Are You the Salesperson Creating Value for Your Customer?
By: Dave Brock
I was talking to a team of sales people about engaging their customers with insight and getting them to think about their businesses in different ways.
They happened to sell supply chain management software. The software, like most other supply chain software solutions enabled their customers to better understand and manage inventory, orders, quality, scheduling and other things with their supplier.
We had developed some unique insights based on benchmarks with customers and supported by case studies.
As we were talking about what these meant to the customer and how to engage the customer in the conversation, a sales person raised an issue.
“As much as we like to think our solution is unique and highly differentiated, our competitors can do similar things. How do we deal with the situation where we are providing the insights and the competitors say, ‘We can do the same thing.’”
It was an important question, too many haven’t thought this out.
How would you handle it if you were presenting the value your solution creates and the competitor simply says, “We can do that as well!”
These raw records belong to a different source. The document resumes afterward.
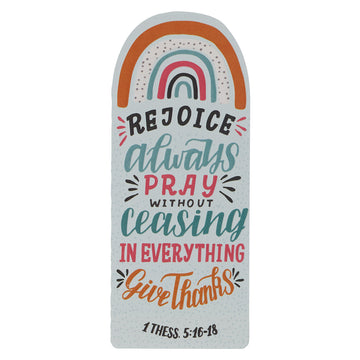 Separador Rejoice Pray Give Thanks Rainbow Premium Cardstock Bookmark - 1 Thessalonians 5:16-18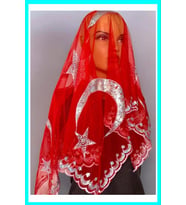 Gümüş Pullu Ayyıldız Kırmız Asker Örtüsü 2 eldivenli kare şeklinde (100x100 cm)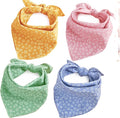 4PCS Spring Dog Bandanas Cat Birthday Cute Soft Cotton Puppy Scarfs Washable by ZIRVYIR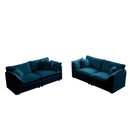 2-Piece Living Room Sofa Set in Blue Chenille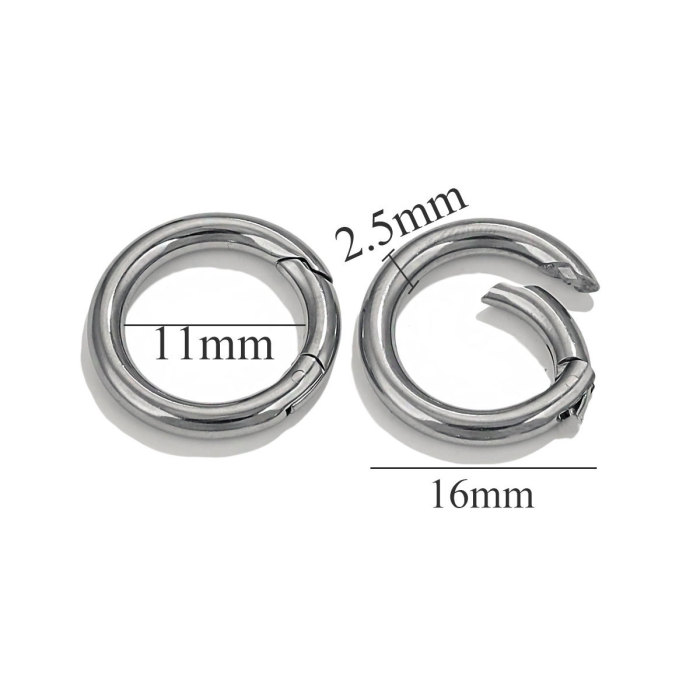 Stainless Steel Smooth Spring Buckle Spring Ring Buckle 3.0mm Wire Diameter Round Buckle Titanium Steel DIY Hardware Buckle Round Buckle Wholesale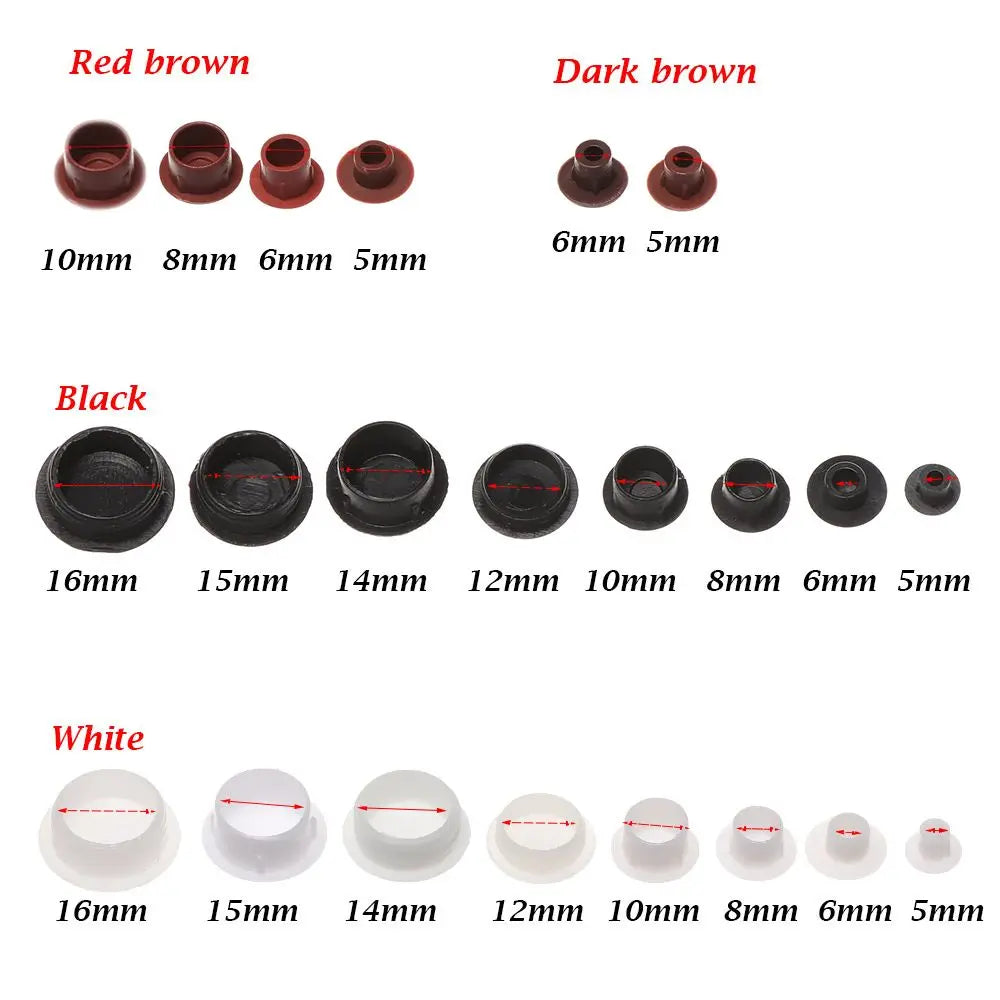 50-Pack Plastic Hole Plugs – Furniture Screw Cap Covers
Too often, the reality is that our solutions aren’t highly differentiated from our competitors. Certainly there are some things we do better and some they do better, but for the most part it may be very difficult to differentiate the value of the alternative solutions—at least in substantive ways.
The differentiator is the sales person that engages the customer in those insight driven, learning conversations. That’s what the customer is paying for that’s what the customer is buying.
Certainly, the actual ability to produce the result through the implementation of the solution, is critical, if everyone can do the same thing, how is the customer going to make a decision.
It will always be to the sales person that is providing them the leadership to look at their business differently. It’s the sales person that helps them identify where they can improve, how they can do it, what it might mean that’s truly creating value for the customer.
Your competition isn’t doing that. They are simply saying “I can do the same thing,” but they aren’t the people helping the customer identify how they can grow, improve, achieve.
Sure your customer might say, “They can do the same thing only 10% cheaper!”
Your immediate, proud response must be, “But where were they giving you the ideas and identifying the opportunity to enable you to solve that problem and to better achieve your goals?”
Our products and the value they create when implemented are table stakes. We absolutely have to produce the results, otherwise we shouldn’t be considered. But others can too.
What’s going to cause the customer to buy from you is the leadership you provide to help them run their businesses better, because they aren’t getting that from your competition!